How to Convert Scanned PDF to Editable Text (OCR Guide)
A scanned PDF is just a picture of a document — you can't search it, copy text from it, or edit it. OCR (Optical Character Recognition) fixes that. Here's how to do it for free.
What is OCR and why do you need it?
When you scan a physical document, your scanner creates an image — a photograph of text. The PDF it creates looks like text but is technically just pixels. You can't select words, use Ctrl+F to search, or copy content.
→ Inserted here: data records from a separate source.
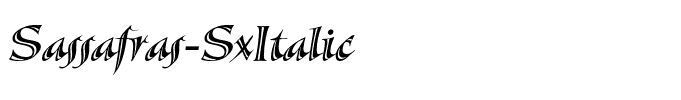 Sassafras-SxItalic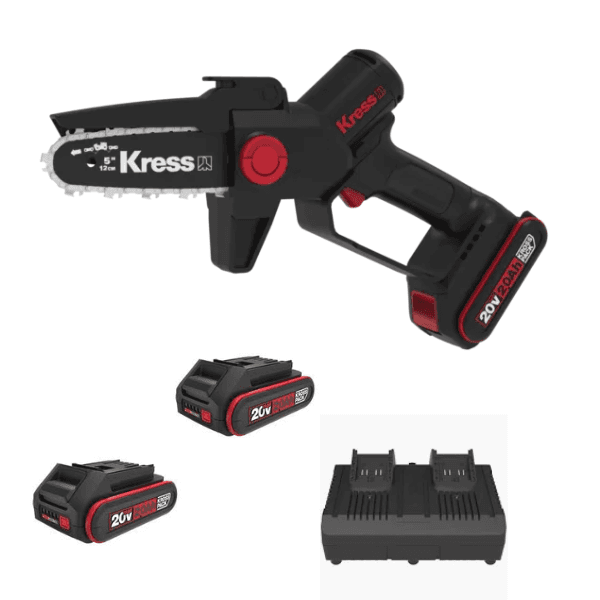 KRESS 20V One-Handed Branch Saw KG343E.9 Bundle Kit (2x 2Ah Battery KAB02 & 4Ah Dual Charger KAC04) - Image 1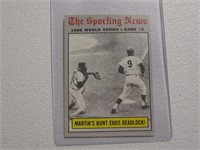 1970 TOPPS 1969 WORLD SERIES GAME 4 NO.308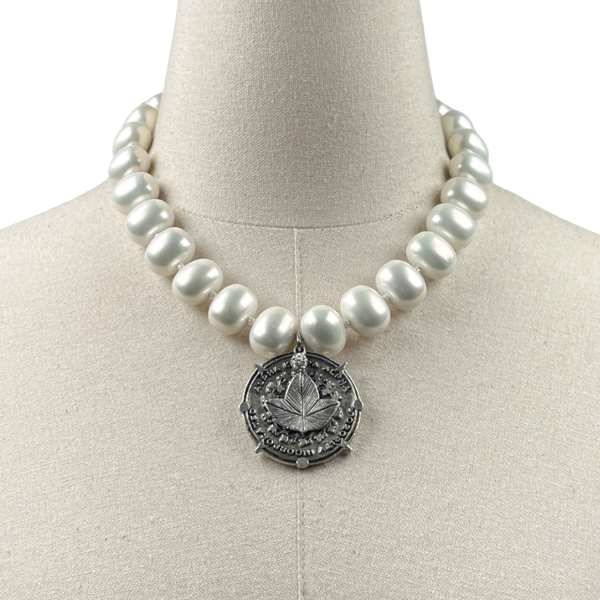 AKA Classic Pearl Single Necklace AKA Necklaces Cerese D Jewelry Silver Ivy Trust 
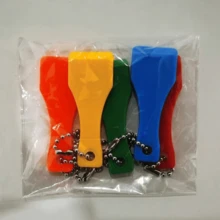 1Pc/2/5/8/10/12/16/20Pcs Plastic Lottery Scratch Card Keychain, Scratch Card Scraper With Chain, Multi-Color Scratching Tool For Lottery, Games And Competitions, Random Color Distribution - Multicolor - View 4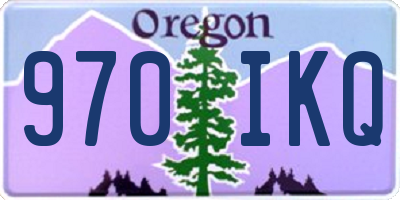OR license plate 970IKQ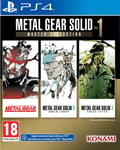 Konami Metal Gear Solid: Master Collection Vol.1 Anglais, Japonais PlayStation 4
OCR technology reads those pixels and converts them into actual text that computers can understand and process.
After OCR processing, your PDF becomes a "searchable PDF" — it looks identical but now has an invisible layer of text underneath the image, making it searchable and copyable.
How to OCR a PDF for free
Go to Everyday Tools' free OCR tool and upload your scanned PDF. Select the language of your document (English, Malay, Chinese, Arabic, Japanese, and more are supported). The tool processes your document using Tesseract OCR and returns a searchable PDF in minutes.
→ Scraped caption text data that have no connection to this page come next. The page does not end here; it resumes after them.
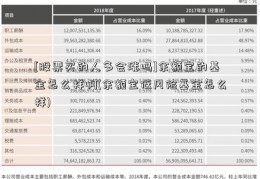 [股票买的人多会涨吗]余额宝的基金怎么样啊(余额宝低风险基金怎么样)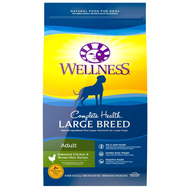 Wellness Complete Health Dog Large Breed Adult Dry Food (30lb/13.61kg)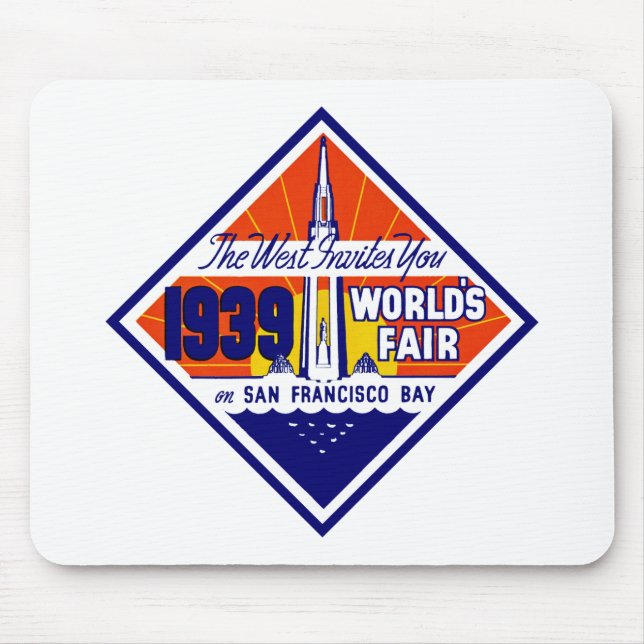 The West Invites You Mouse Mat (Front)
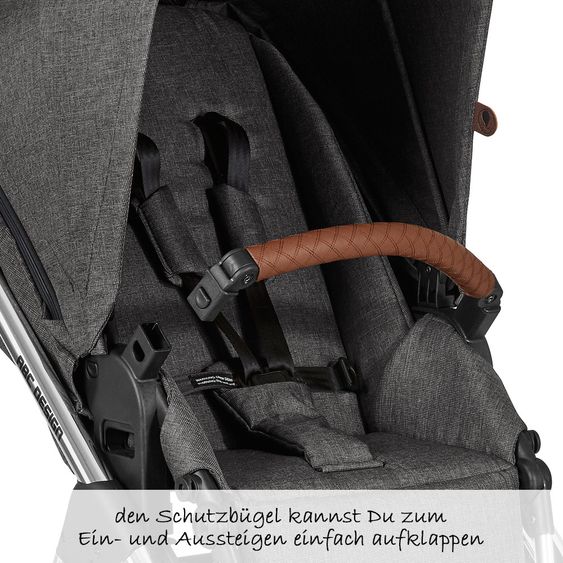 ABC Design 3in1 Kinderwagen-Set Viper 4 - Diamond Edition - inkl. Babyschale Tulip & XXL Zubehörpaket - Asphalt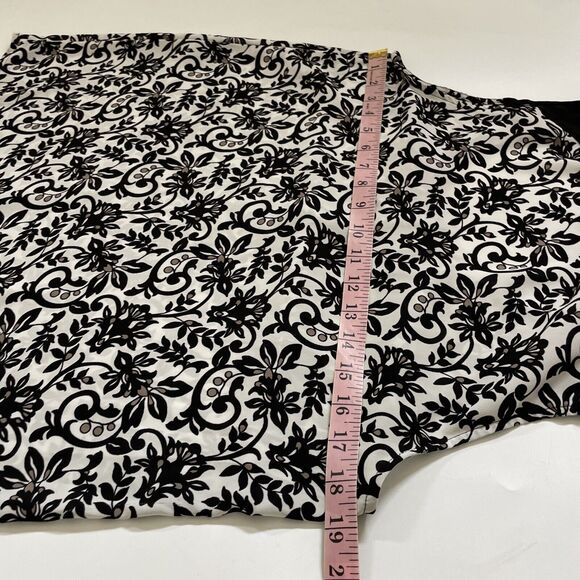 Ann Taylor Loft Womens Small Sleeveless Blouse Size Small Floral Goth Fairy - Picture 7 of 7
What languages are supported?
The OCR tool supports: English, French, German, Spanish, Portuguese, Chinese (Simplified), Japanese, Arabic, Malay, and more. Select your document's language before processing for the best accuracy.
Tips for better OCR results
- Scan at 300 DPI minimum — lower resolution scans produce more OCR errors. If you're rescanning a document, use 300–600 DPI.
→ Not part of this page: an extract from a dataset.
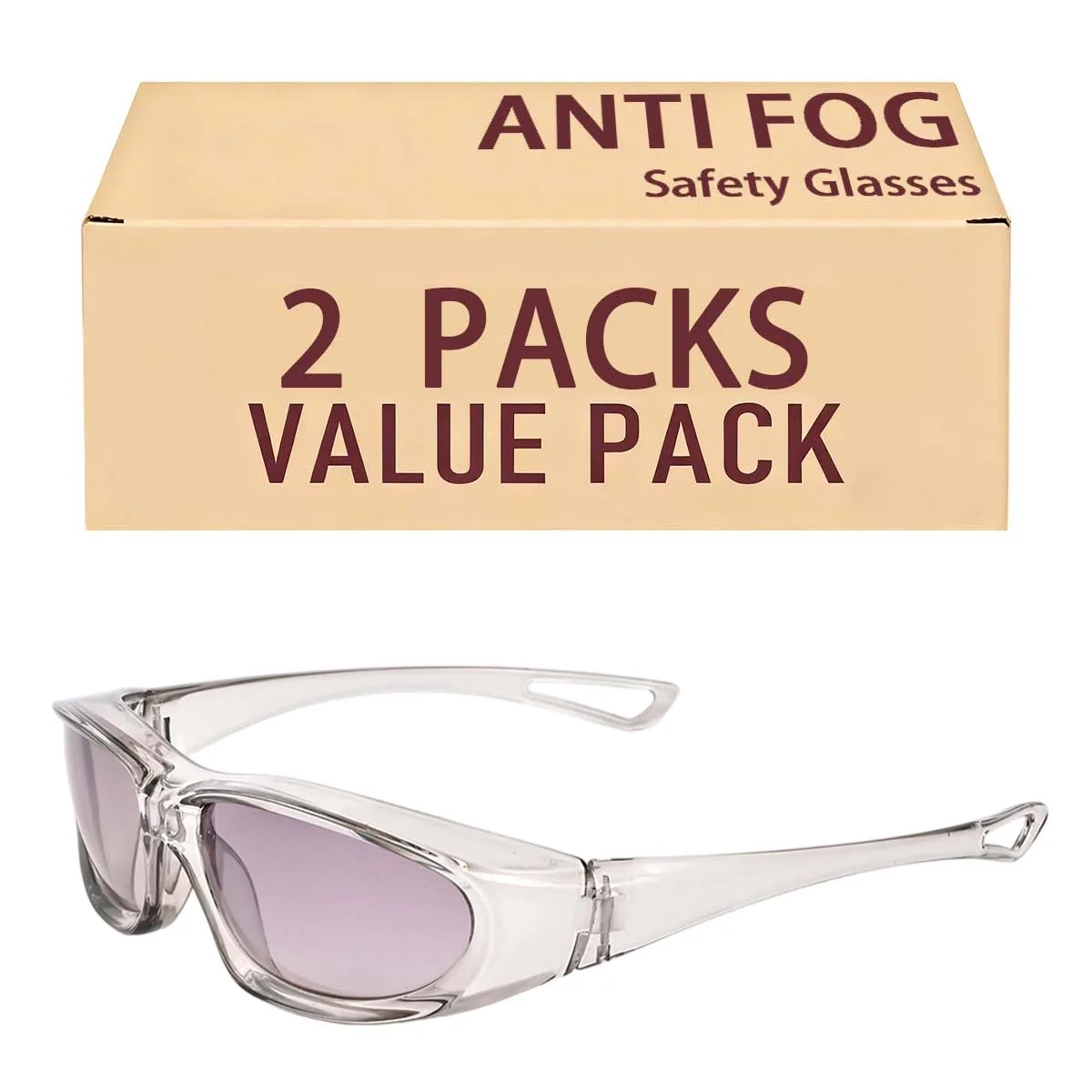 Gafas de seguridad antivaho para hombres y mujeres, gafas ANSI Z87.1 a prueba de arañazos con protección UV HM4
- Straight pages — pages that are slightly tilted reduce accuracy. Most modern scanners auto-correct this, but photographed documents may need manual straightening.
- Clear text — faded, handwritten, or stylized text reduces accuracy. Tesseract works best with standard printed fonts.
- Good contrast — black text on white paper gives the best results.
After OCR: extract the text
Once your PDF is OCR'd and searchable, you can also extract all text content using our PDF to Text converter. This gives you a plain text file of all content — useful for copying into Word, editing, or processing further.
Common OCR use cases
- Making old scanned contracts searchable and archivable
- Extracting text from scanned invoices for accounting software
- Converting printed academic papers into editable format
- Making government form PDFs searchable
- Digitising physical books or notes
Make your scanned PDF searchable — free
Supports 10+ languages including Malay, Chinese, Arabic.
OCR PDF Free →Frequently asked questions
Can OCR read handwritten text?
Standard OCR (including Tesseract) has limited accuracy with handwritten text. It works best with clearly printed, typed text. For handwriting recognition, you'd need a specialised deep learning model.
How accurate is free OCR?
For high-quality scans of standard printed text, Tesseract achieves 95–99% accuracy. For lower-quality scans, faded text, or unusual fonts, accuracy may drop to 85–95%.
Does OCR work on PDFs with mixed text and images?
Yes. OCR processes the entire page, adding a text layer beneath the visible content. Image elements remain as images; text elements become searchable.